Vector of \(n+1\) breakpoints which were used to form both histograms.

upperobs

Number of observations beyond the rightmost breakpoint, if any.

A list with two elements:

Kaplan-Meier estimate of the survival time c.d.f. \(F(t)\)

corresponding Nelson-Aalen estimate of the hazard rate \(\lambda(t)\)

This function is needed mainly for internal use in spatstat, but may be useful in other applications where you want to form the Kaplan-Meier estimator from a huge dataset.

Suppose \(T_i\) are the survival times of individuals \(i=1,\ldots,M\) with unknown distribution function \(F(t)\) which we wish to estimate. Suppose these times are right-censored by random censoring times \(C_i\). Thus the observations consist of right-censored survival times \(\tilde T_i = \min(T_i,C_i)\) and non-censoring indicators \(D_i = 1\{T_i \le C_i\}\) for each \(i\).

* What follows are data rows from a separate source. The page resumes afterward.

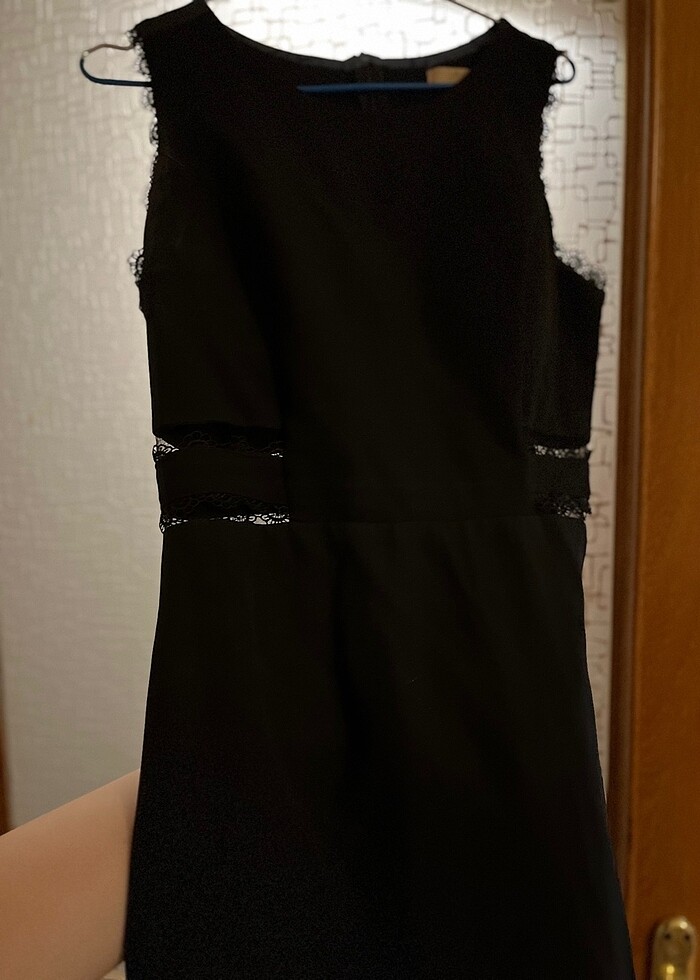 YANLARI DANTELLİ SİYAH GECE ELBİSESİ - Görsel 3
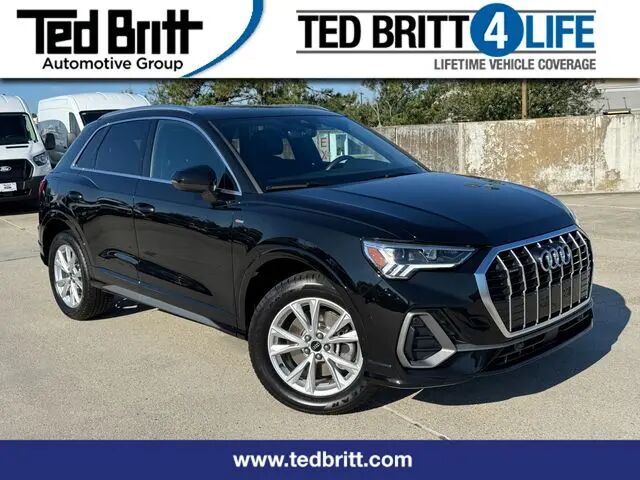 2025 Audi Q3 quattro S line Premium 45 TFSI — photo 1 of 13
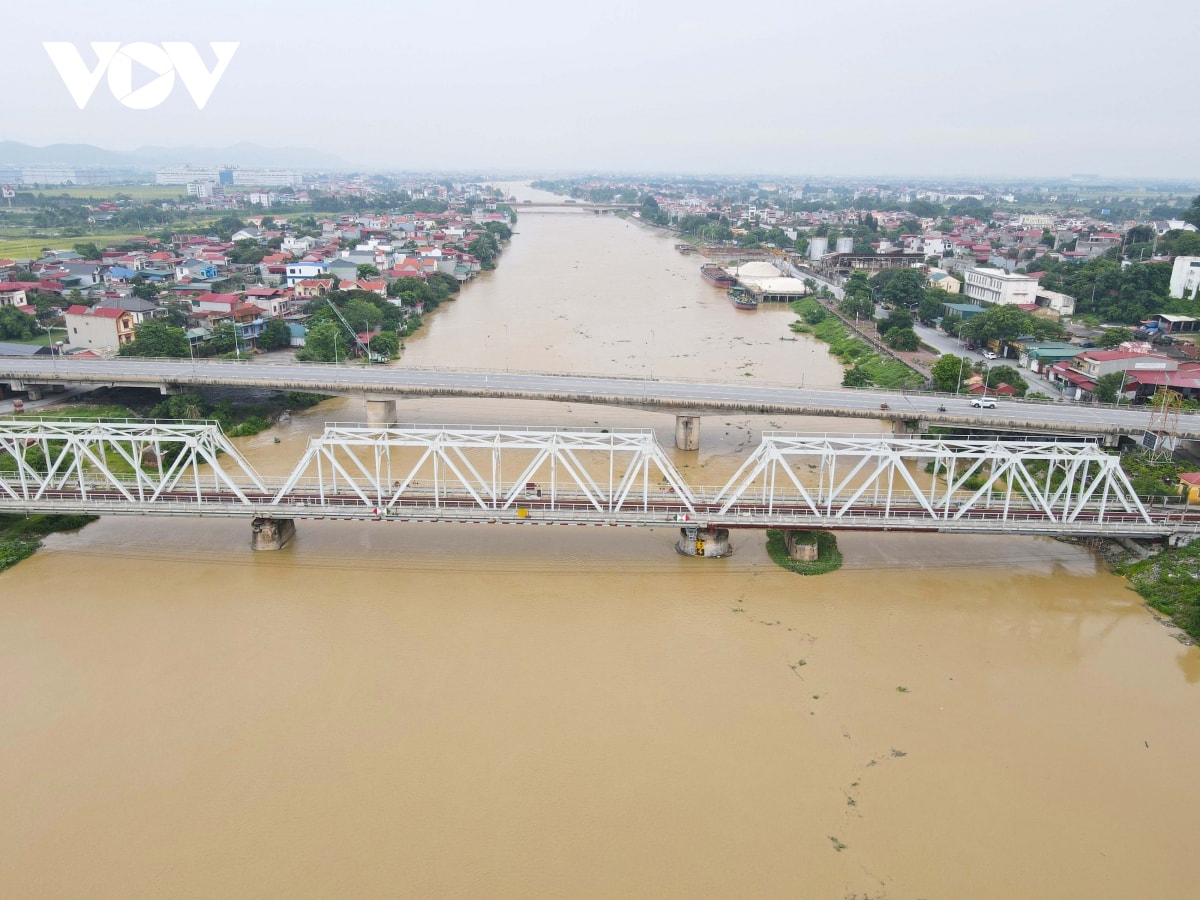 lũ sông ở bắc giang dâng cao, hàng trăm ha hoa màu bị ảnh hưởng hình ảnh 1 lu song o bac giang dang cao, hang tram ha hoa mau bi anh huong hinh anh 1
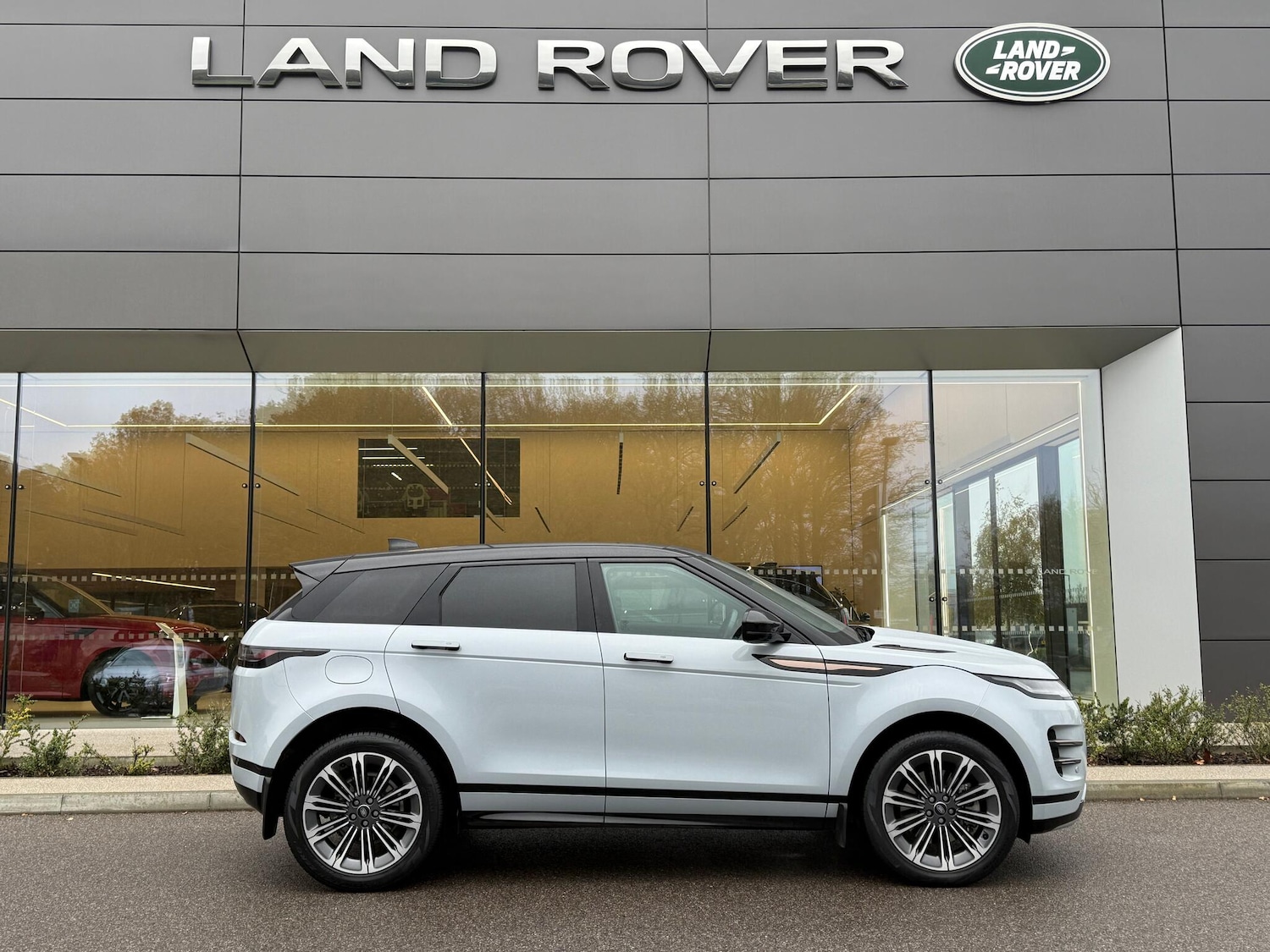 Used Land Rover Range Rover Evoque for sale - 76728506: Photo 2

If the number of observations \(M\) is large, it is efficient to
use histograms.
Form the histogram `obs`

of all observed times \(\tilde T_i\).
That is, `obs[k]`

counts the number of values
\(\tilde T_i\) in the interval
`(breaks[k],breaks[k+1]]`

for \(k > 1\)
and `[breaks[1],breaks[2]]`

for \(k = 1\).
Also form the histogram `nco`

of all uncensored times,
i.e. those \(\tilde T_i\) such that \(D_i=1\).
These two histograms are the arguments passed to `kaplan.meier`

.

The vectors `km`

and `lambda`

returned by `kaplan.meier`

are (histogram approximations to) the Kaplan-Meier estimator
of \(F(t)\) and its hazard rate \(\lambda(t)\).
Specifically, `km[k]`

is an estimate of
`F(breaks[k+1])`

, and `lambda[k]`

is an estimate of
the average of \(\lambda(t)\) over the interval
`(breaks[k],breaks[k+1])`

.

The histogram breaks must include \(0\).
If the histogram breaks do not span the range of the observations,
it is important to count how many survival times
\(\tilde T_i\) exceed the rightmost breakpoint,
and give this as the value `upperobs`

.